How a “soft landing” has impacted the market
Equities and bonds continued to be very sensitive to the day-over-day economic data points. In another period these data points might have less impact on the behaviour of individual stocks and bonds. The chart below illustrates the dramatic shift in earnings growth expectations from 2022 through to the first quarter of 2026. Market and investor sentiment has improved as the US Federal Reserve has seemingly been able to orchestrate a “soft landing.”
Source: Bloomberg, January 10, 2025.
The ability of the Fed to produce a “soft landing” in 2024 was reflected in the meaningful uptick in earnings expectations for the entire market. Previously, the Magnificent 7 (Apple, Microsoft, Alphabet, Amazon, NVIDIA, Meta, and Tesla) has been the driving force, outshining the broader market.
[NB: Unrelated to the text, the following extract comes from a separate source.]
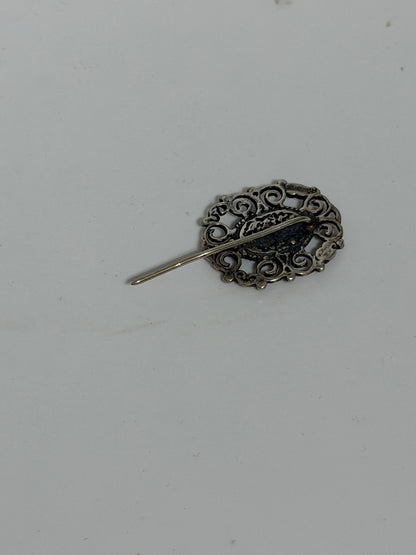 Spilla in Argento 925 con Pietra Giada Verde – Accessorio Artigianale Prezioso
Through November 2024, the stock market rejoiced the certainty of the coming Republican administration. It continued to rally hard through to the end of November with nearly every sub-sector up over 10%.
Source: Harvest Portfolios Group, Inc. January 2025.
Transitioning from 2024 to 2025
The month of December 2024 closed as only the third negative month of that calendar year. Factors like tax loss selling, volume voids, and policy rhetoric compounded to contribute to the decline in the final month of the previous year. Regardless, the broader markets finished in the black for the second year in a row with a 20% upward movement. That rate of increase is a rarity over the past 40 years. That said, the strong move upward does not mean a correction is more likely to occur in 2025. Continue Reading…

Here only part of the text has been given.